D'où vient le mot ?
Même si la pratique et le phénomène visés par ce mot ne sont pas nouveaux, on peut faire remonter l'apparition de la formule « société multiculturelle » au milieu des années 60, sur le continent nord-américain. A cette époque, dans le but d'apporter une solution aux conflits linguistiques franco-anglais, les autorités fédérales d'Ottawa rendirent publique leur intention de « reconnaître la nature multiculturelle de la société canadienne ». Ce programme allait être engagé dans les années 70 par Pierre-Elliot Trudeau, prenant finalement une dimension constitutionnelle en 1982. Dans le même temps, aux Etats-Unis, dans le prolongement des luttes des Noirs pour les droits civiques, l'idée s'est développée, dans les milieux intellectuels et militants, que les minorités linguistiques, ethniques, religieuses, voire sexuelles étaient victimes d'une injustice, dans la mesure où leur culture n'accédait pas au même degré de reconnaissance que celle de la majorité « blanche, anglophone et protestante ». Obtenir cette reconnaissance, corriger les injustices et définir les moyens de faire coexister ces cultures différentes, le tout au sein d'une société démocratique, libérale et pacifique : tels sont les principaux idéaux qui animent le multiculturalisme, entendu au sens d'une doctrine dépassant aujourd'hui le cas particulier de l'Amérique du Nord.
Bien que les sociétés pluriculturelles n'aient jamais cessé d'exister - moins de 10 % des pays du monde peuvent être considérés comme culturellement homogènes -, l'idée multiculturelle représente un changement d'orientation pour les politiques des Etats-nations : depuis le xixe siècle, en effet, leurs efforts ont été tournés vers la réduction des différences culturelles et l'assimilation des populations allogènes.
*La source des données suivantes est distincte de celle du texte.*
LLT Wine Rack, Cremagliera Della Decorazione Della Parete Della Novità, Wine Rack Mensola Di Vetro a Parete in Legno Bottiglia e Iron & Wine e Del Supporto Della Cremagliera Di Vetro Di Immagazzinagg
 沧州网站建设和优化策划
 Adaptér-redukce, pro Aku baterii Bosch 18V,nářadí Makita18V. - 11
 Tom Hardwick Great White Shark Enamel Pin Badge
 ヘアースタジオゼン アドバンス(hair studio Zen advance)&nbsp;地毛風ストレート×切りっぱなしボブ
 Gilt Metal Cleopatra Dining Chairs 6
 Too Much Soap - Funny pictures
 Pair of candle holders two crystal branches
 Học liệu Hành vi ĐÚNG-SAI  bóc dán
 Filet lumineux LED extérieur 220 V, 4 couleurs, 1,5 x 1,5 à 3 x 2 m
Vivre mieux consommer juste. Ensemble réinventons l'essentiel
Pourquoi un tel changement ? Les raisons tiennent d'abord à un constat : depuis les années 70, les questions d'identité raciale, ethnique et linguistique, aussi bien dans les démocraties occidentales que dans l'ex-bloc soviétique, sont des sources croissantes de conflits et de revendication. Partout dans le monde, des populations autochtones, des minorités religieuses ou linguistiques, des groupes d'immigrés manifestent plus ou moins radicalement leur désir de voir leur culture reconnue. D'autre part, l'existence de minorités culturelles pose un problème de justice sociale : dans un pays démocratique, la pratique d'une religion ou d'une langue est en principe libre. Mais est-il juste de ne pas offrir un soutien égal à chacune d'entre elles à travers l'école et les aides publiques ? De favoriser la culture majoritaire ? Le multiculturalisme désigne l'ensemble des doctrines politiques et philosophiques qui soutiennent que, dans un esprit de justice sociale et de tolérance, les cultures particulières à un groupe social doivent accéder à une reconnaissance publique.